Iterators over documents, and composition thereof.

See:
          Description

Interface Summary
DocumentIterator An iterator over documents and their intervals.
IntervalIterator An interface that allows one to iterate over intervals.
 

Class Summary
AbstractIntersectionDocumentIterator An abstract iterator on documents, generating the intersection of the documents returned by a number of document iterators.
AndDocumentIterator An iterator on documents that returns the AND of a number of document iterators.
ConsecutiveDocumentIterator An iterator returning documents containing consecutive intervals satisfying the underlying queries; the intervals must be in query order.
DocumentIterators A class providing static methods and objects that do useful things with document iterators.
Interval An integral interval.
IntervalIterators A class providing static methods and objects that do useful things with interval iterators.
IntervalIterators.EmptyIntervalIterator An iterator returning no intervals.
IntervalIterators.FakeIterator An iterator that throws an exception on all method calls, except for IntervalIterators.FakeIterator.hasNext(), which has a settable value.
Intervals A class providing static methods and objects that do useful things with intervals.
LowPassDocumentIterator A document iterator that filters another document iterator, returning just intervals (and containing documents) whose length does not exceed a given threshold.
NotDocumentIterator A document iterator that returns documents not returned by its underlying iterator, and returns just IntervalIterators.TRUE on all interval iterators.
OrDocumentIterator A document iterator that ORs given component iterators.
 

Package it.unimi.dsi.mg4j.search Description

Iterators over documents, and composition thereof.

This package contains the classes that allow to compose iterators over documents.
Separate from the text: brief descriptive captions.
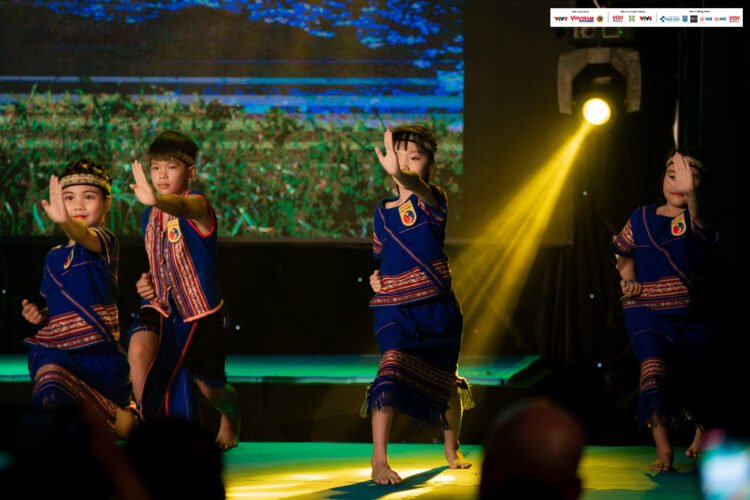 Vovinam.digital 196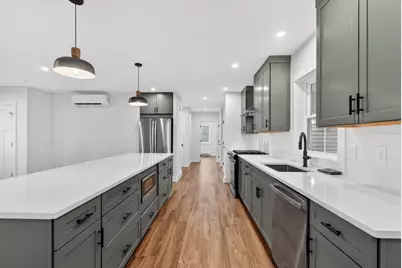 17 Middle Road, Kennebunk, ME 04043 - Photo 10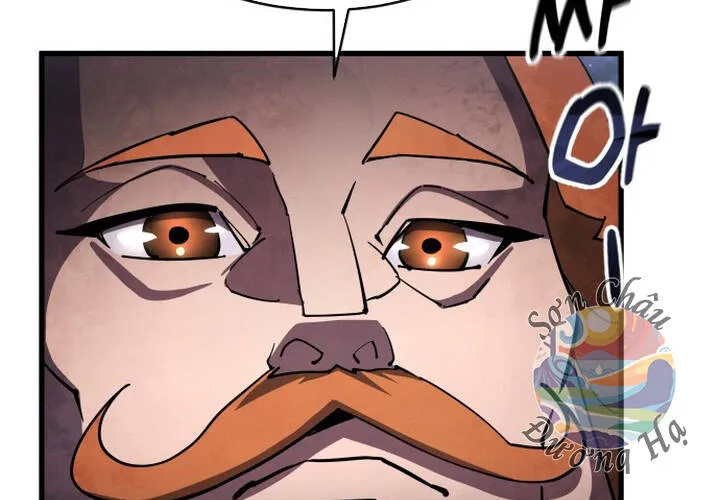 Pháp Sư Thiên Tài Chiến Đấu Bằng Đôi Tay Chap 21 - Next Chap 22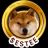 An image of the Estee (estee) crypto token logo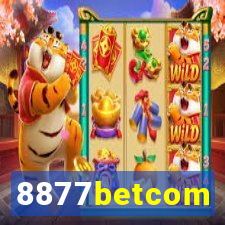 8877betcom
Such iterators are returned, for instance, by IndexReader.documents(int).

Minimal-interval semantics

MG4J provides minimal-interval semantics. That is, if the index is full-text, a document iterator will provide a list of documents and, for each document, a list of minimal intervals. This intervals denote ranges of positions in the document that satisfy the iterator: for instance, if you compose two documents iterators using an AndDocumentIterator, you will get as a result the intersection of the document lists of the underlying iterators. Moreover, for each document you will get the minimal set of intervals that contain one interval both from the first iterators and from the second one.

This information is of course very useful if you're going to assign a score to the document, as smaller intervals mean a more precise match. At the basic level (e.g., iterators returned by an index), the intervals returned upon a document are intervals of length one containing the term that was used to generate the iterator. Intervals for compound iterators are built in a natural way, preserving minimality. More details can be found in Charles L. A. Clarke and Gordon V. Cormack, Shortest-Substring Retrieval and Ranking (ACM Transactions on Information Systems, vol. 18, no. 1, Jan 2000, pages 44−78). Scorers for documents may be found in the it.unimi.dsi.mg4j.search.score package.

Note that MG4J provides minimal-interval semantics for a set of indices. This extension is a significant improvement over single-index semantics. However, defining the exact meaning of a query is a nontrivial problem that will be fully dealt with in a forthcoming paper.